Disabling mixed precsion in my own layers

Hi, after reading the docs about mixed precsion, amp_example
I’m still confused with several problems.

Let’s say if I have two networks, one is the standard resnet50 and another is a sparse conv layer.
input images are first passed through resnet50 and then sparse convs.

If I only want to use half for resnet and keep float32 for the sparse conv layer (so I don’t have to modify the code)
I only need to warp the model within the autocast function and disable it before the sparse conv layers?
like,

with autocast():
      out = resnet50(x)
      with autocast(enabled=False):
             out = sparseconv(out.float())

right?

And from my knowledge, gradients are scaled during mixed precision,
If I have to write my own backward function for sparse conv layers (warped in autocast(disabled)),
Do I still need to consider the scale?

1 Like

Your autocast example looks correct.

Yes, if you are using a GradScaler object.

No, gradient scaling and auto casting are working together but are independent from each other.
You don’t need to explicitly implement gradient scaling for the custom layer.

2 Likes

Imagine we have an nn.Sequential model with a specific layer type that should not be autocasted.

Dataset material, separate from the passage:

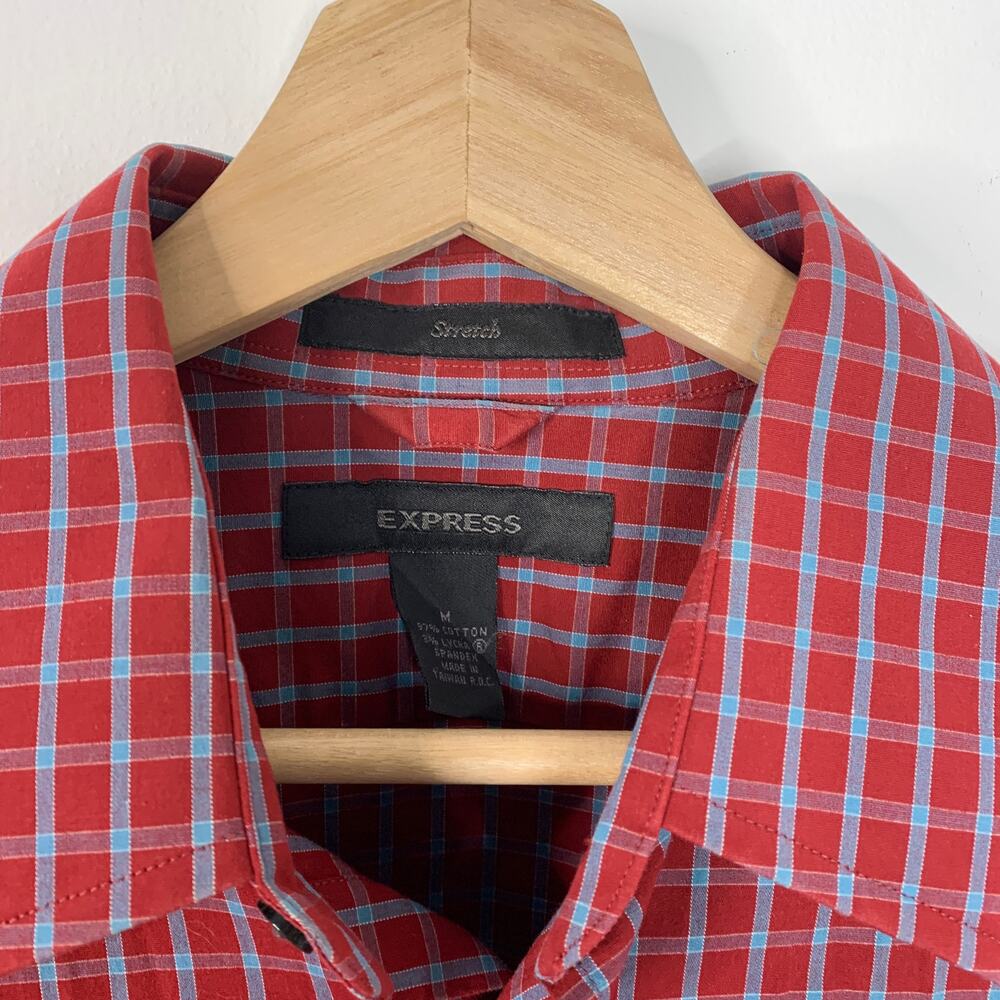 Express Red Checkered Button-Down Shirt Stretch M… - image 3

Is there a way to “wrap” that layer so that it is ignored by the autocast?

If you are using custom modules, you could use the @autocast decorator on the forward method and disable it. On the other hand, if you are using built-in modules, you could wrap them in a custom class and disable autocast in the same way.
Alternatively you could also split the nn.Sequential container and just decorate the parts with autocast, which should use it.

1 Like